In my laboratory, where we study viruses, we
grow lots and lots of cells, you can grow
cells in two different ways. On the left side
of this slide is a photograph of what we call
a spinner culture. These are suspension cultures
of cells. The flask, these glass flasks that
you see here have a magnet suspending in them
and that is turned by a magnet in the structure
underneath them and so these are constantly
spinning and the cells are growing in a liquid
medium. On the right we can also grow cells
in what we call monolayer cultures. Here they're
growing in plastic dishes or flasks, covered
with mediu. And I think you can see at the back
of this incubator me actually taking this
photograph. This is a true selfie, CELLFIE,
all the other ones are fake. When you grow
viruses in cells, it can be very easy to detect
the growth, because many viruses kill the
cells that they replicated in. And this is
called cytopathic effects. And this is a series
of four photographs where we were tracking
the cytopathic effects of poliovirus in an
infected culture. On the upper left is a monolayer
of uninfected cells, these cells were then
infected with poliovirus. And then four hours
later, the picture on the upper right shows
you the effects of the virus very early in
replication, the cells are becoming rounded
and detaching from the monolayer. At eight
hours post infection, the lower left-hand part
of the slide, you can see most of the cells
are now detached. And by 12 hours, on the lower
right, all of the cells are detached and many
of them have broken up. So this is called
cytopathic effects. It is an easy way to tell
that your virus is replicating or growing
Another important aspect of studying viruses
is to detect the virus in the sample, to know
how much virus is present. And I want to tell
you two different ways that we do this; one
is we can measure infectivity of the viruses,
we can do that by a plaque assay which is
shown here and we can also measure physical
virus particles, or their components. This
photograph is an electron micrograph of virus
particles and you could count them for example,
and know how many particles are in a preparation.
Infectivity assays actually tell you how many
infectious viruses are present, physical particle
measurements only tell you the particles,
because not all virus particles are infectious.

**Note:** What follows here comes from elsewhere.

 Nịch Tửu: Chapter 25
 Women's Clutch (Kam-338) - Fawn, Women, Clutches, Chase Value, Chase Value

Let's explore the plaque assay a bit. In this
assay, we take a virus stock and we assume
there's a lot of virus in this virus stock.
And then we have to make tenfold serial dilutions
of the stock in order to obtain a dilution
which has a reasonable number of particles
in it. So here we're making tenfold serial
dilutions and we end up with -1, 2, 3, -4, etc
dilutions of the virus. We then take a small
amount of each dilution and we add it to a
monolayer of cells in a plastic dish, we cover
the monolayer with an agar overlay and we
incubate it. The viruses will infect cells
and they will destroy the cells in a small
area. They are restrained in their diffusion
by the agar overlay and they form what we
call plaques. We can then stain the plaques
and count them. So earlier I said we need
to make dilutions because we need to find
a suitable number of viruses and I think the
three plates shown here illustrate that. The
one on the left part of the slide, there are
too many plaques, we can't count these with
any accuracy. The one in the middle has 17
plaques, which is a reasonable number. Anything
between 10 and 1 or 200, depending on the
size of the dish will work. And then on the
far right, only two plaques. This does not
provide a statistically rigorous number. From
the 17 plaques, we know the dilution that was
used to produce that plate, we can calculate
the titer of this virus stock at 1,7Ã—10 to
the eighth plaque forming units per milliliter.

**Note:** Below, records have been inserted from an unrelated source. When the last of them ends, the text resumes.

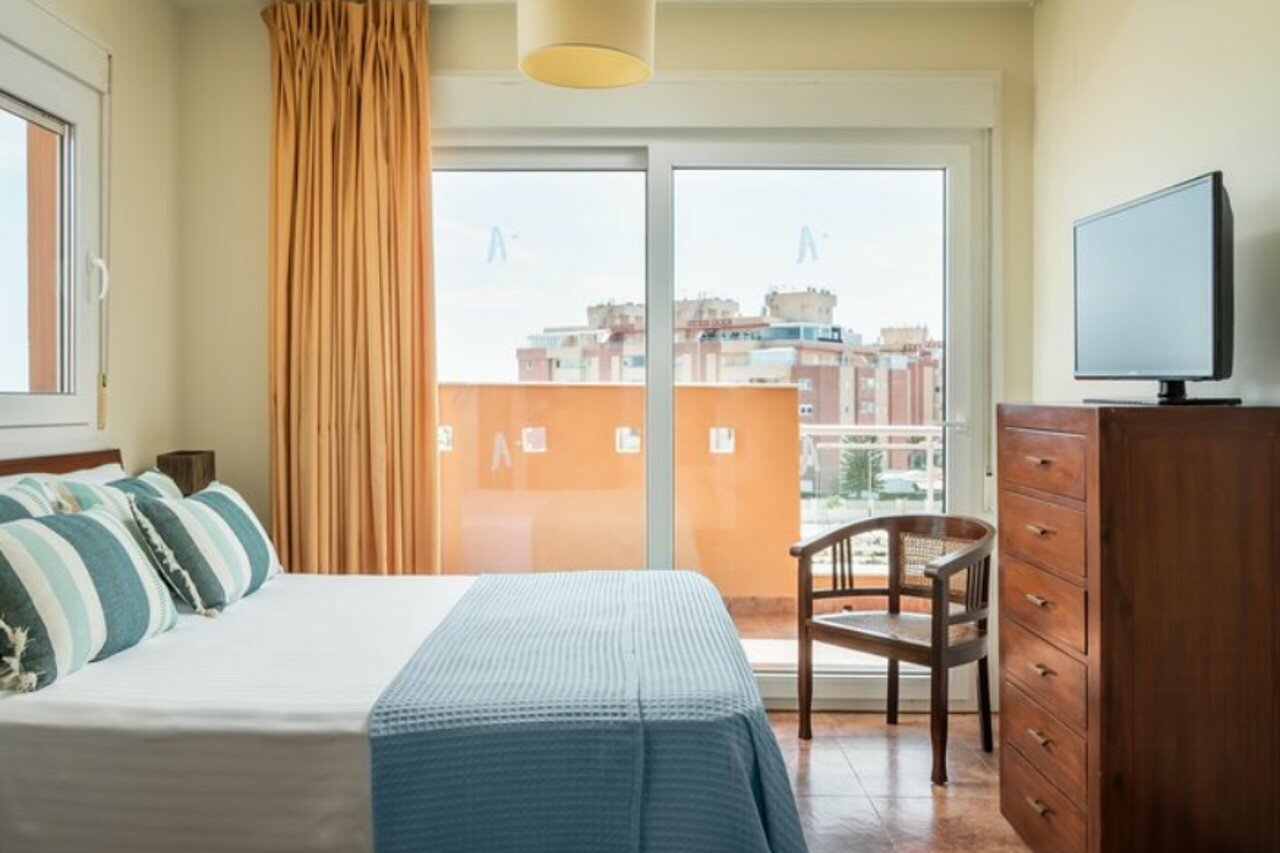 Фото Hotel Colonial Mar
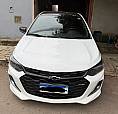 Chevrolet Onix Rs 1.0 Tb 12V Flex Aut. 4P 2022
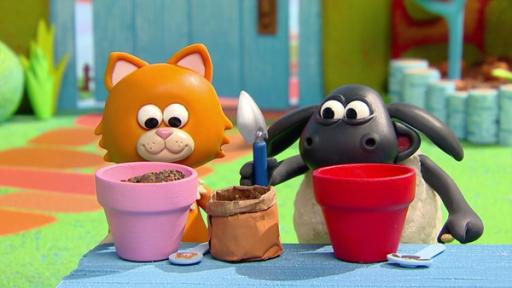 Timmy 45 - Frühlingsüberraschung | Rechte: wdr Timmy 45 - Frühlingsüberraschung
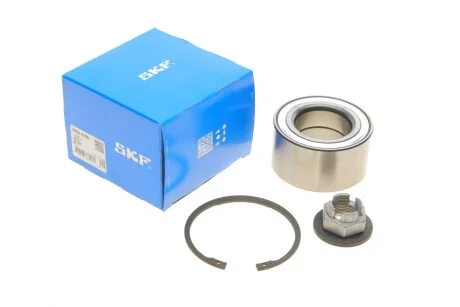 Підшипник колісний для Ford SKF VKBA 6780 фото товару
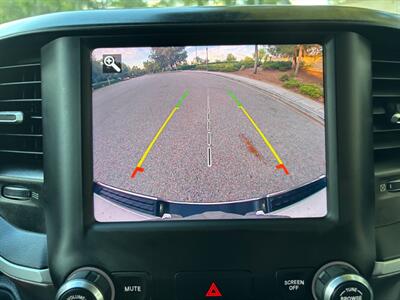 2020 RAM 1500 Big Horn 4x4   - Photo 40 - Valencia, CA 91355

It's very important, this is plaque forming
units, we can't say virus particles because
we don't know for this particular virus how
many viruses form a plaque. So that's an example
of a plaque assay, this is used in many laboratories,
it was developed in the 50s and it is still
used today because it's incredibly powerful.
In fact in my laboratory we do them all the
time and I've built in my office what I call
the wall of polio. This is a stack of plates
used to do plaque essays. I've glued them
all together myself. This is what I do for
relaxation and when people visit my lab, I
take their picture in front of the wall of
polio, so if you come to visit me, please
ask and I will take your picture as well.
Physical measurements of viral particles can be done in a variety of ways.
We can use a technique called hemagglutination.
Some viruses bind red blood cells and we can use that to make a physical measurement of particles.
We can look at the virus particles by electron microscope as I showed you earlier.
This is not so convenient because not everyone has an electron microscope.
We can measure viral enzymes in the virus particle.
Many viruses package into the particle and enzyme,
and many assays have been devised to take advantage of that.
We can use serologic techniques to measure virus particles and their components.
We can use antibodies against viruses and their proteins to measure how much of each one is there.
And we can also measure nucleic acids now by a variety of techniques.